Derrick – she said that she remembered how when you were little you would always ask, “momma can I get you anything?” You always wanted to care for her. Even these past few weeks – you took care of everything for her… and us. You thought of everything - you have done that so many times over the years and carried so much of the burden for our family. I pray you will go to Him and take His yoke and learn from Him whose yoke easy and whose burden is light and find rest in Him.
When she got to her favorite memory of me – she said, “Heather, Heather, Heather, Heather – in every yearbook picture of you your mouth was always wide open.” Thanks mom! I asked her if she could think of something a little nicer – and she did. Shopping trips for homecoming dresses, wedding dresses.
Heidi – you know she loved you like her own daughter. She told me – she always got more information from you than from Derrick - and she loved you for that.
Paul – she loved you like her own son and was grateful for all the ways you served her.

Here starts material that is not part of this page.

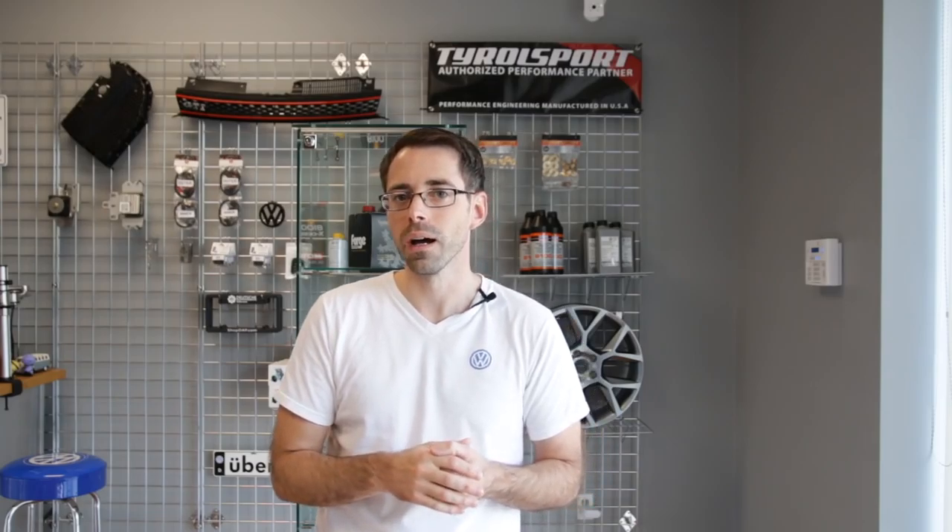Hopefully that answers your question and you can fix your manifold. One note about whether it could damage anything: the main concern is the amount of heat escaping, and depending on where the crack is, if there's wiring, connectors, or anything close to it, all that hot exhaust gas flowing straight out of that crack could melt nearby components, causing more damage. A crack will also probably get worse over time.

I teased her in the hospital and said – I think you loved him more than you loved me – every time we got in an argument – you always sided with him – to which she replied, “I call ‘em like I see ‘em”!
Jason – she loved that you called her “rainbow grandma”
Ryan – she loved being called Grams – and you started that. She loved your fun loving ways and is so proud of you. You remember her asking you in the hospital to trust and follow Jesus – she will be up in Heaven cheering you on as you do that – and we will be doing the same from down here.
Luke – she loved your tender heart
Emily – she loved your sweet disposition and thought you were such a little lady
Eli – she loved your sweet heart
Ethan – she loved your love for her and loved how you prayed for her every day
Ellie – she loved your little giggle. You brought her so much joy.
I felt like I was in the middle of something sacred the past week as I watched her have one foot in this world and one in the next. This tremendous ache and loss I feel has just made eternity come into sharper focus for me. We have the hope of heaven, but death is not what we were made for and a vivid reminder this isn’t the way things are suppose to be. Both the ache and the longing lead to the same desire for the day when all will be made right, when He will wipe away every tear from our eye, their will be no more death or mourning or crying or pain. He will make all things new.